The negative sentiment that sent U.S. and European markets sharply lower Thursday is carrying over into today's session.
Global equity markets appeared to be stabilizing this week following last week's extreme volatility. Unfortunately, concerns regarding economic growth and the eurozone debt crisis -- specifically capital constraints for European banks -- returned with vigor yesterday.
These risks had not receded from the marketplace, but apparently they had from the minds of investors. Market participants were given just enough reminders yesterday to flee risk assets, including:
- Morgan Stanley lowered its global economic outlook
- New York Federal Reserve reportedly intensified its scrutiny of the U.S. operations of Europe's largest banks
- A European bank accessed the European Central Bank's 7-day liquidity program for the first time since February
- The Philadelphia Federal Reserve Business Outlook plummeted
Asian markets played catch-up overnight.
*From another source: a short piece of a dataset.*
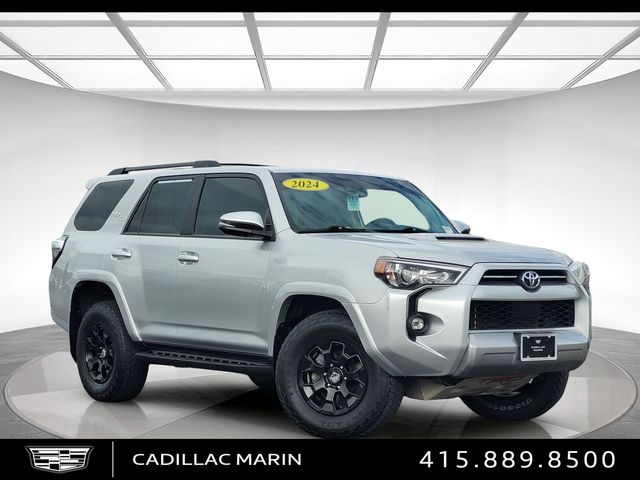 Classic Silver Metallic 2022 Toyota 4Runner TRD Off-Road Premium 4WD SUV / Crossover Four-Wheel Drive 5-Speed Automatic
South Korea's export-heavy market experienced the worst sell-off, as the Kospi plunged 6.2%.
European markets opened with modest declines this morning, but sold off aggressively just after the open, led once again by banks.
U.S. futures followed, and currently point to another lower open, though they have rebounded off of their worst levels. S&P futures are trading 1.3% lower.
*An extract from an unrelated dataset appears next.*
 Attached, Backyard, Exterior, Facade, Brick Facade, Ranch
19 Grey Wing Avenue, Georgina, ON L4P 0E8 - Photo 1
The rebound off of the lows was aided by a sell-off in the dollar. While gold and silver continue their advance this morning, the other safety assets have not joined in. The 10-year Treasury yield, which briefly traded below 2.00% yesterday, has added a few basis points.
A busy earnings week for retailers actually ended about an hour before the close Thursday.
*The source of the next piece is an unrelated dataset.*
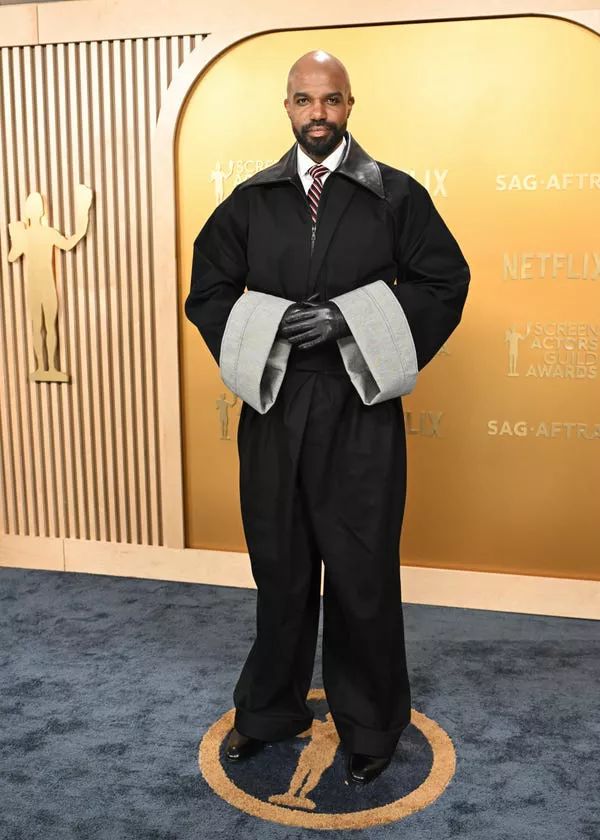 Carl Clemons-Hopkins en los SAG Awards 2025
HP (HPQ) released its results early after it was leaked that the company is in talks to sell its PC business and is acquiring enterprise information management software company Autonomy. HP issued disappointing guidance, though. The stock lost 6% yesterday, and is trading down another 18% this morning.
It will be interesting to see how today's session plays out. Last Friday's session, amid the market turmoil, turned out to be a slow one more typical of the summer doldrums. There is that possibility today with a very thin calendar that includes no economic data.
At the same time, today is an options expiration Friday, which should lead to strong volume. And with the annual Jackson Hole economic symposium next week (August 26-28), we would expect speculation about Federal Reserve activity to intensify in the coming week. There have already been rumors today.
--David M. Campione, CFA
Dave is an analyst for Briefing Research, Briefing.com's institutional research service. To request a free trial, please email researchsales@briefing.com.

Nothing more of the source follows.